By Jim Stanford on August 10, 2007
After getting my fill of paint fumes and crumpled newspaper working on the Cheney artwork, I went out to the Mangy Moose on Thursday to catch the John Popper Project with DJ Logic.
Blues Traveler will always strike a mellifluous note in my heart, as the band’s eponymous debut and subsequent Travelers and Thieves provided a soundtrack for my formative college days. Along with Shakespeare and Sartre, Popper’s idealist lyrics inspired me to reach for “the flow of all the life that’s there.”
Too bad Popper isn’t writing songs like that anymore. And the band hasn’t had the same depth of sound since bassist Bobby Sheehan died. But old allegiances die hard, the Peace Rally needed promoting, and I like to challenge Popper about his politics (BT played the 2000 GOP convention, and Popper performed at a party for the 2004 inauguration, among other less-than-savory gigs).

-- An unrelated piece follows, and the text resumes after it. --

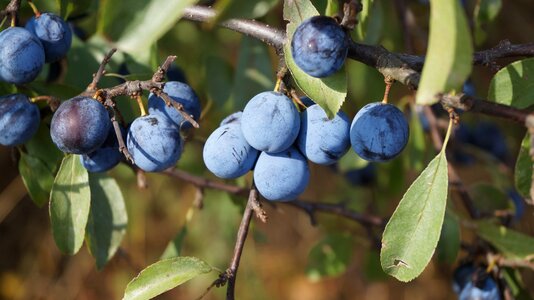 Forest berries shrub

Last summer in Pinedale, as Israel and Hamas were at war and Iraq devolved further into savagery, I asked Popper to play “Onslaught,” from Travelers and Thieves, and send it out to his man Dick Cheney.
“Oh, my man,” he said, laughing. “Good one.”

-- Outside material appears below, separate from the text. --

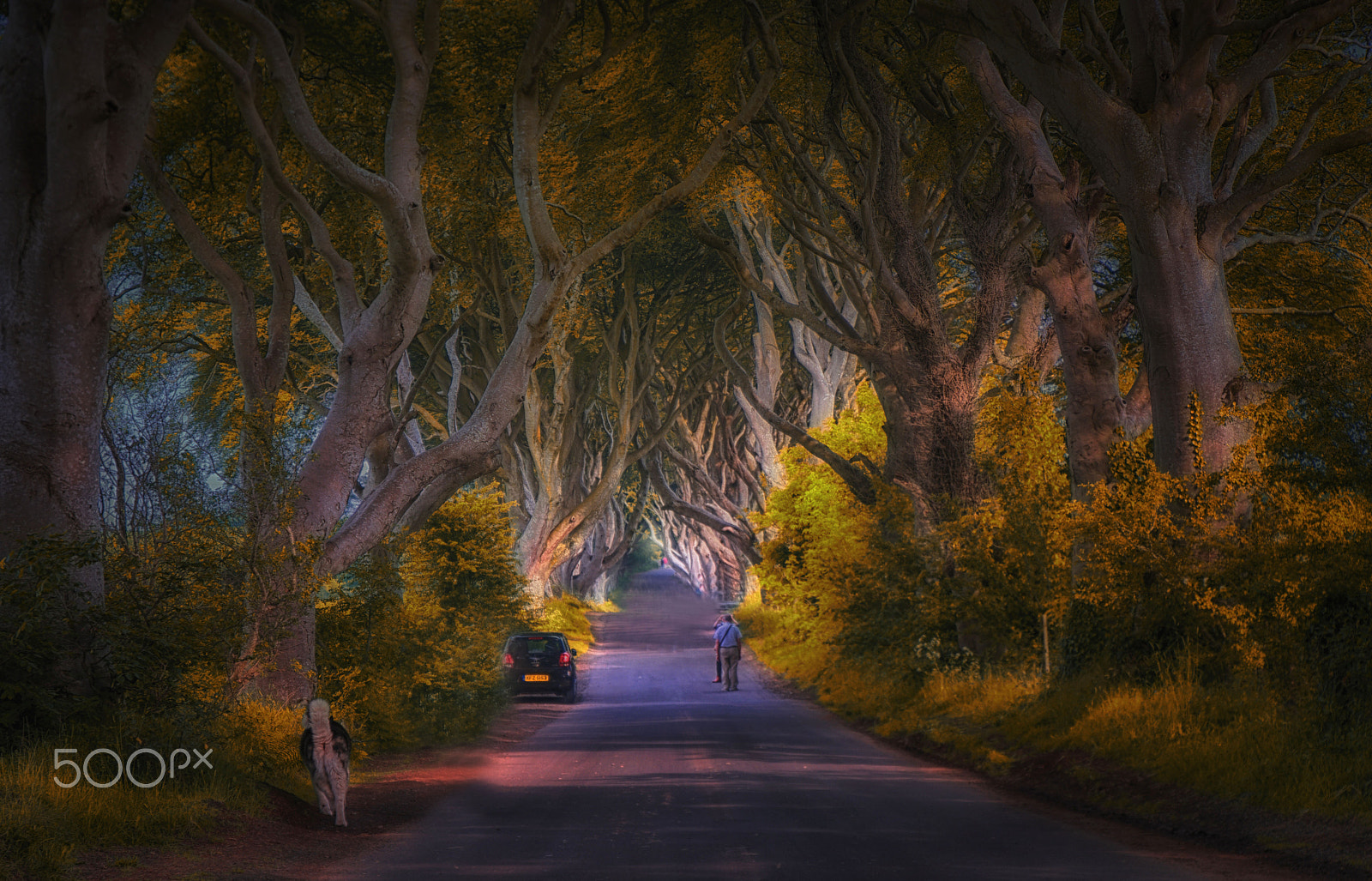 Saumsun NX 16-50mm F2-2.8 S ED OIS sample photo. A fairytale came true photography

Half the band doesn’t know that song. It goes like this:
… And if you descend from the Mayflower
Well they were running too
They were running from England
Who were warring with France
Who would conquer Spain
Given half of a chance
But it was the Muslims
Who had gotten there first
When there wasn’t the bloodshed
Then there was the thirst
And a hate for the Christians
The infiltrators of Rome
You know that once mighty empire
Who made Africa home
The poor, noble Egyptians
Oh the hardships they braved
Remembering the good times
With Judea enslaved
And the Israelite nation
The very children of God
Killing Palestine’s children
And I’m finding it odd
After the show, Popper approached me to resume our conversation. Maybe I had gotten under his skin a little.
Power corrupts, he explained, and politics attracts the very worst people. “So why not be a whore, and play to both sides?” he said.
“Maybe that’s not how it’s supposed to be,” I replied, quoting his lyrics back at him. We shrugged at each other, and he boarded the van that had been waiting to whisk the band out of there.

But anyway, back to Thursday at the Mangy Moose.
I had another barb in store for Popper when I headed out to Teton Village with a stack of cards advertising the Peace Rally.
About midway through his set, which featured BT bassist Tad Kinchla on bass, Marcus Bleecker on drums and Logic on turntables, I approached the stage and said I had a request. I handed Popper a sheet of paper, with Cheney’s snarling face and the inscription “Support Your Local Emperor” (title of a song from T&T).
Popper laughed and held it aloft to the crowd. “I usually don’t endorse political slogans,” he said, “but this is a good one.”
Amid a few cheers and jeers, he mentioned something about political parties and said, “I endorse them all.”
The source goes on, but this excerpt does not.